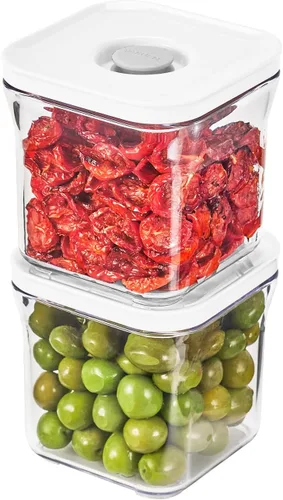 Miniatura 14 de VAKUEN Set Inicial Premium de Recipientes Herméticos de Almacenamiento de Alimentos y Máquina Selladora al Vacío, Juego de 4 Piezas con Sellador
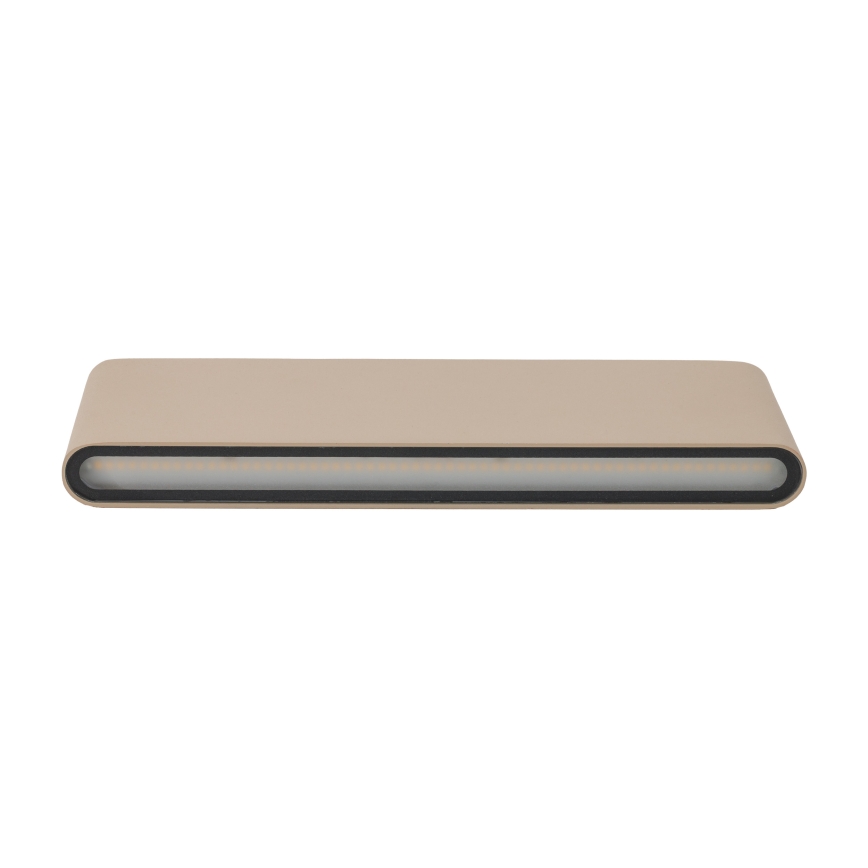 Applique murale d'extérieur LED ARWENA L LED/24W/230V IP54 beige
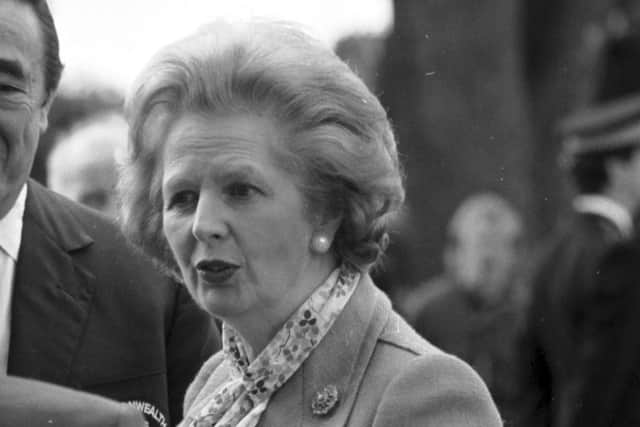 Prime Minister Margaret Thatcher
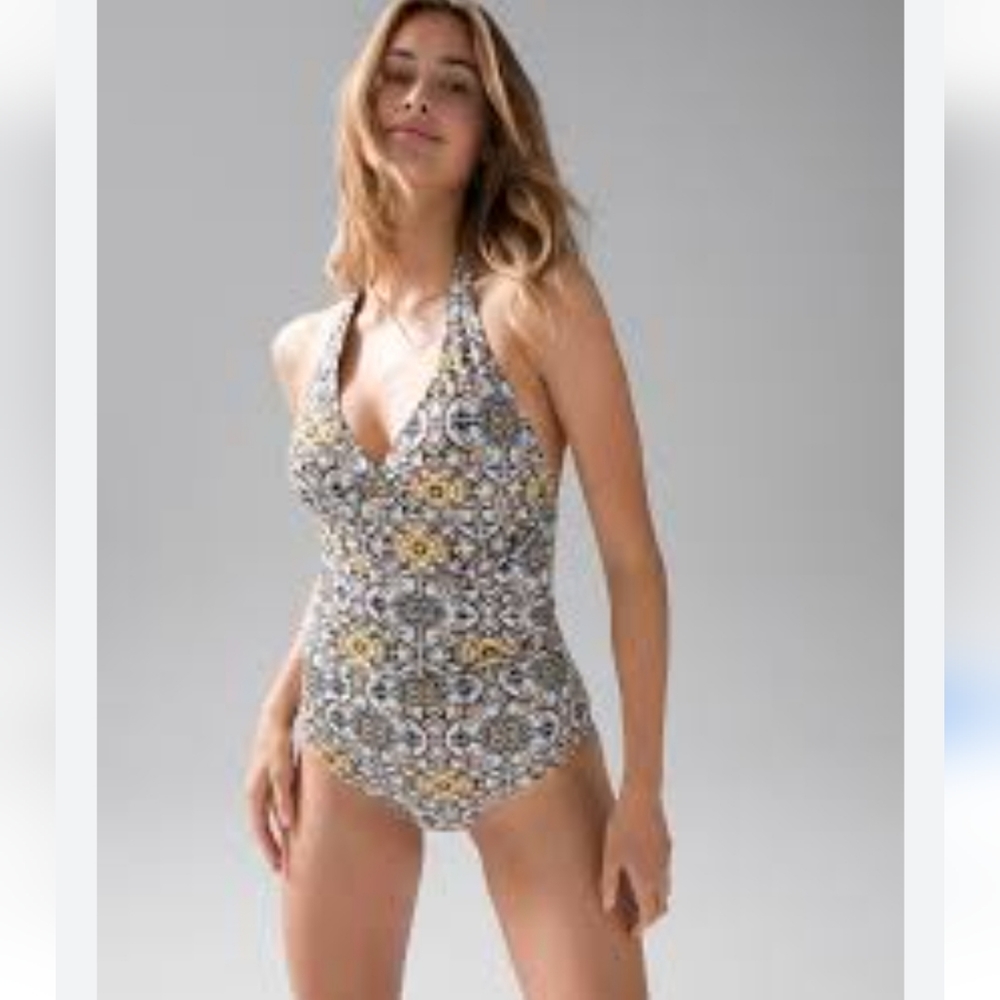 White house black market | one-piece halter style swimsuit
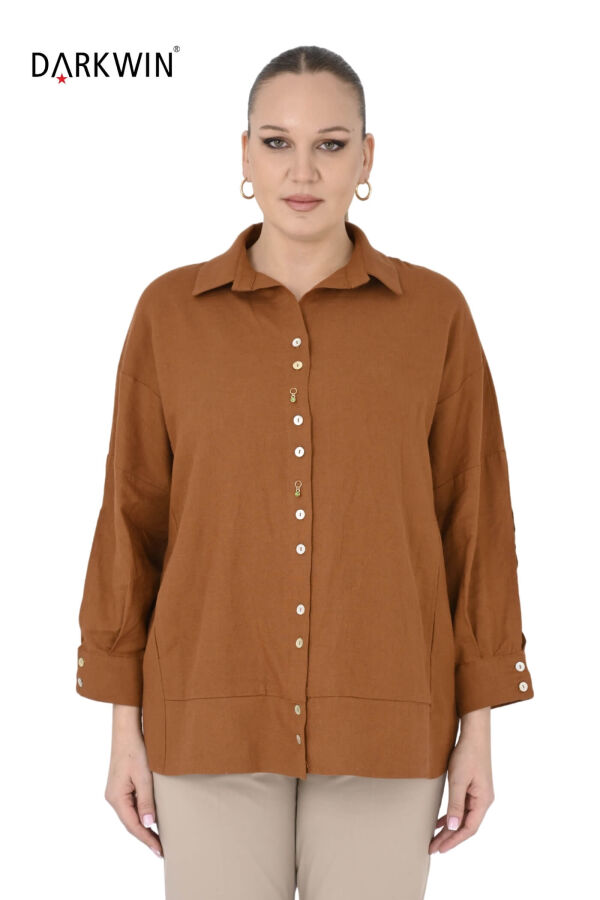 B4007 DARKWIN GÖMLEK KAHVE - 1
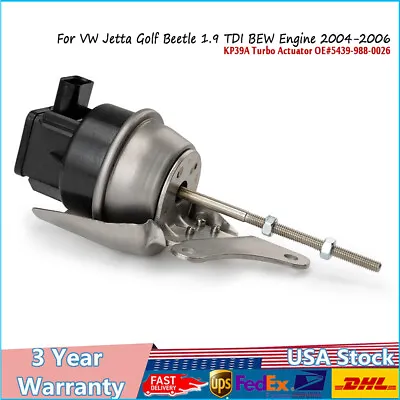 $69.90 • Buy Turbo Actuator KP39A For 2004-2006 VW Golf Beetle Jetta 1.9 TDI BEW 038253019S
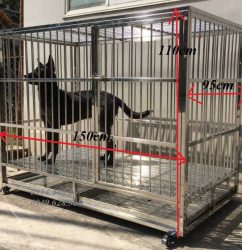 Kích thước chuồng inox cho chó to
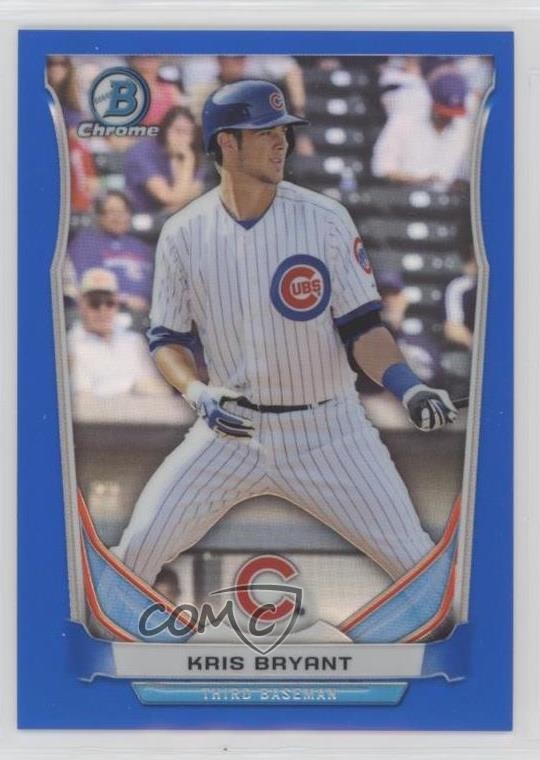 2014 Bowman Draft Top Prospects Chrome Blue Refractor 288/399 Kris Bryant e0h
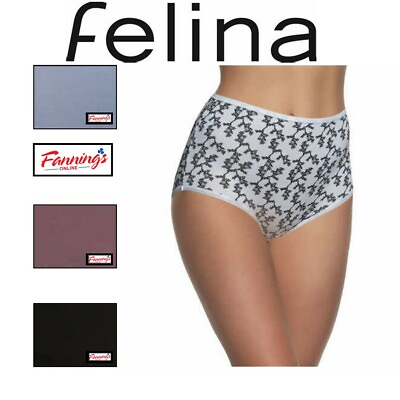 #ad Felina Ladies#x27; Cotton Stretch Brief 8 Pack Panty Underwear J63 $19.99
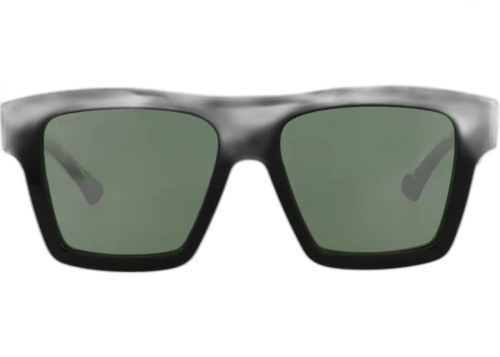 Gucci Square-Frame Recycled Acetate Sunglasses Black Havana Green (GG0962S-30011191-013)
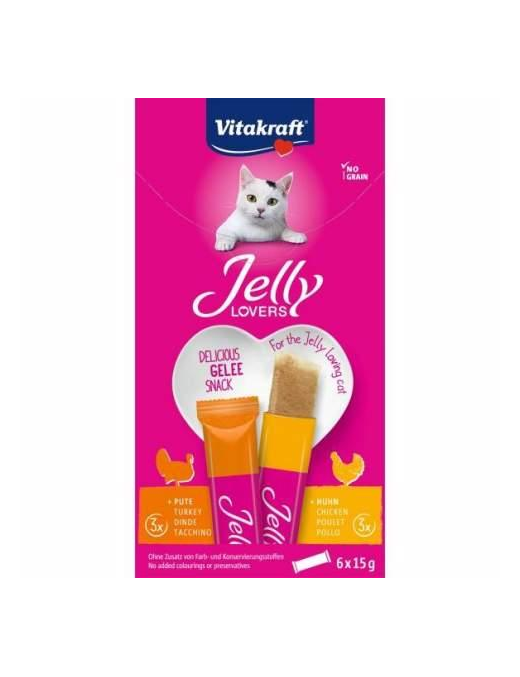 PET JELLY LINE CATS CHICKEN/TURKEY 6x15 GRAMS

**What you have to do**
Exclude every picture and restate the listing word for word.

**Response for this exercise**
 Miniatura 14 de VAKUEN Set Inicial Premium de Recipientes Herméticos de Almacenamiento de Alimentos y Máquina Selladora al Vacío, Juego de 4 Piezas con Sellador
 Applique murale d'extérieur LED ARWENA L LED/24W/230V IP54 beige
 Prime Minister Margaret Thatcher
 White house black market | one-piece halter style swimsuit
 B4007 DARKWIN GÖMLEK KAHVE - 1
 $69.90 • Buy Turbo Actuator KP39A For 2004-2006 VW Golf Beetle Jetta 1.9 TDI BEW 038253019S
 Kích thước chuồng inox cho chó to
 2014 Bowman Draft Top Prospects Chrome Blue Refractor 288/399 Kris Bryant e0h
 #ad Felina Ladies#x27; Cotton Stretch Brief 8 Pack Panty Underwear J63 $19.99
 Gucci Square-Frame Recycled Acetate Sunglasses Black Havana Green (GG0962S-30011191-013)
 PET JELLY LINE CATS CHICKEN/TURKEY 6x15 GRAMS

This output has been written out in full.